Another woman or femme may come up to me out of the blue and say how wonderful it is to see a plus-size woman dressing in ways we’ve been told for so long are off limits to us.

Although I never saw her after that one smiley exchange, I’ve had many similar interactions in my year and a half on this side of the pond. Half the time, it’s me who’ll see a striking fat babe at a coffee shop, in a nightclub, or on Northern Rail (there are so many striking fat babes!). Her look will radiate confidence, quirk, or intrigue, and I’ll just have to find a way to start a conversation. Despite being an introvert by nature, this is something I’ll usually feel comfortable doing in the U.K. — in America, I’d usually be held back.

https://www.bustle.com/uk

The other half of the time, it’s the other way around. I’ll be approached at a Tesco, in a pub, or on the tube. A teen might tell me I look “cool.” A cutie might ask me out on a date, romantic or otherwise, based purely on initial attraction. Best of all, another woman or femme may come up to me out of the blue and say how wonderful it is to see a plus-size woman dressing in ways we’ve been told for so long are off limits to us.

It’s true that I live in an especially progressive bubble of England: Hebden Bridge, otherwise known as the lesbian and hippie capital of the country. With a strong LGBTQ scene has come a strong counterculture, or otherwise “alt” scene, meaning differences are typically applauded here rather than condemned. It’s a rural area surrounding by green hills, livestock, and moorlands. Even so, I feel like I can visit the local Co-Op in a size 26 purple sequin dress, Hawaiian print co-ord set, or rainbow bootie shorts, and escape more or less judgment-free.

'Fat slag' commentary also seems to follow my fellow plus-size friends and me whenever we dare to wear anything that might be considered revealing.

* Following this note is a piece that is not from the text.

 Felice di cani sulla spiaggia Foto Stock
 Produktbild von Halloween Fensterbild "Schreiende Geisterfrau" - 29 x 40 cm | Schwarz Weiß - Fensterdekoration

In truth, I’ve gotten similar vibes off Manchester, only a 30-minute train ride away, and other Northern hubs, like York and Leeds. I’ve gotten similar vibes when traveling around Scotland, Wales, and the Midlands. Even in London, a city that radiates ambition and trends (much like NYC where I lived before coming over), I’ve never felt like an instant target, like a walking joke meant to be pointed at and belittled.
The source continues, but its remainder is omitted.